0
votes

I'm working with lastest version of Spark(2.1.1). I read multiple csv files to dataframe by spark.read.csv. After processing with this dataframe, How can I save it to output csv file with specific name.

For example, there are 100 input files (in1.csv,in2.csv,in3.csv,...in100.csv). The rows that belong to in1.csv should be saved as in1-result.csv. The rows that belong to in2.csv should be saved as in2-result.csv and so on. (The default file name will be like part-xxxx-xxxxx which is not readable)

I have seen partitionBy(col) but look like it can just partition by column.
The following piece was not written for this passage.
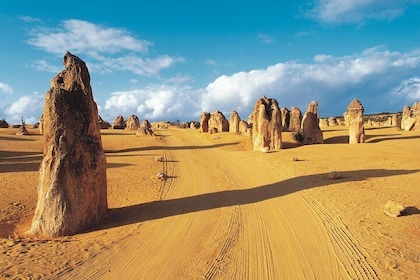 Pinnacles Desert, Koalas and Sandboarding 4WD Day Tour from Perth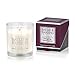 Baylis & Harding Midnight Fig and Pomegranate One Wick Candle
Another question is I want to plot my dataframe. Spark has no built-in plot library. Many people use df.toPandas() to convert to pandas and plot it. Is there any better solution? Since my data is very big and toPandas() will cause memory error. I'm working on the server and want to save the plot as image instead of showing.

1
I'm not asking about how to save it normally to the disk. I want to save it with specific name. Ex. the rows from in1.csv will be written as in1-result.csv. (Exactly this name NOT part-xxxx)Sirapat
spark uses hadoop under the hood and unless you'll use save it as a hadoop file using the MultipleTextOutputFormat and RDDs of string, there is no solution out of the box for that in sparkeliasah
When it comes to plotting I think using toPandas is good approach, but you need to first aggregate your DataFrame, so that converting to Pandas is not big issue. You rather don't want to plot all rows from DataFrame, because it would be not readable.Piotr Kalański
Thank you for comments from both of you.Sirapat

1 Answers

1
votes

I suggest below solution for writing DataFrame in specific directories related to input file:

  • in loop for each file:
    • read csv file
    • add new column with information about input file using withColumn tranformation
    • union all DataFrames using union transformation
  • do required preprocessing
  • save result using partitionBy by providing column with input file information, so that rows related to the same input file will be saved in the same output directory

Code could look like:

all_df = None
for file in files: # where files is list of input CSV files that you want to read
    df = spark.read.csv(file)
    df.withColumn("input_file", file)
    if all_df is None:
        all_df = df
    else:
        all_df = all_df.union(df)

# do preprocessing

result.write.partitionBy(result.input_file).csv(outdir)